Author Topic: History Shows Stocks, GDP Outperform Under Democrats  (Read 1766 times)

0 Members and 1 Guest are viewing this topic.

Offline Ptarmigan

  • Bunny Slayer
  • Hero Member
  • *****
  • Posts: 24086
  • Reputation: +1008/-226
  • God Hates Bunnies
History Shows Stocks, GDP Outperform Under Democrats
« on: September 05, 2012, 12:10:37 AM »
History Shows Stocks, GDP Outperform Under Democrats
http://www.foxbusiness.com/investing/2012/09/04/history-shows-markets-gdp-outperform-under-democrats/

Democrats of today is different from the past. Profits are up due to deep cuts in corporations.
Never interrupt your enemy when he is making a mistake.
-Napoleon Bonaparte

Allow enemies their space to hate; they will destroy themselves in the process.
-Lisa Du

Offline DumbAss Tanker

  • Hero Member
  • *****
  • Posts: 28493
  • Reputation: +1710/-151
Re: History Shows Stocks, GDP Outperform Under Democrats
« Reply #1 on: September 05, 2012, 10:01:07 AM »
History Shows Stocks, GDP Outperform Under Democrats
http://www.foxbusiness.com/investing/2012/09/04/history-shows-markets-gdp-outperform-under-democrats/

Democrats of today is different from the past. Profits are up due to deep cuts in corporations.

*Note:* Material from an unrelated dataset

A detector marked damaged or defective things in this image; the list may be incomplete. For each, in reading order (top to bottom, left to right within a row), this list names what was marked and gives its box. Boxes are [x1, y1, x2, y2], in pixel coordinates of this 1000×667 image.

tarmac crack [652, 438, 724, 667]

It's a fact of political life that Presidents get blame or credit for economic performance, but it doesn't historically have a lot to do with economic reality because Congress actually governs the budget and tax system.  Extraneous events have a huge amount to do with it, as well - for instance the rocket-like growth of internet commerce in the 90s owed virtually nothing to Bill Clinton, if anything you could say it went back to Reagan's DARPA funding of the research that underlay it, but he gets credit as some kind of economic wizard because of it.  Then there are wars, which produce a lot of economic activity, much of it not productive or counterproductive to consumers, but productive by economic measurement, and Democrats have been in power when we went to war a lot more often than Republicans for the past hundred years, generally with a change in power along with the subsequent demobilization and statistical economic slumps afterward.  History also isn't a reliable indicator of future performance a variety of reasons that shift the basis for comparison over time, ranging from the one you identify (Change in what the parties stand for and their constituencies over time) to issues like the massively larger role regulatory agencies play now versus 40 or 50 years ago. 
Go and tell the Spartans, O traveler passing by
That here, obedient to their law, we lie.

Anything worth shooting once is worth shooting at least twice.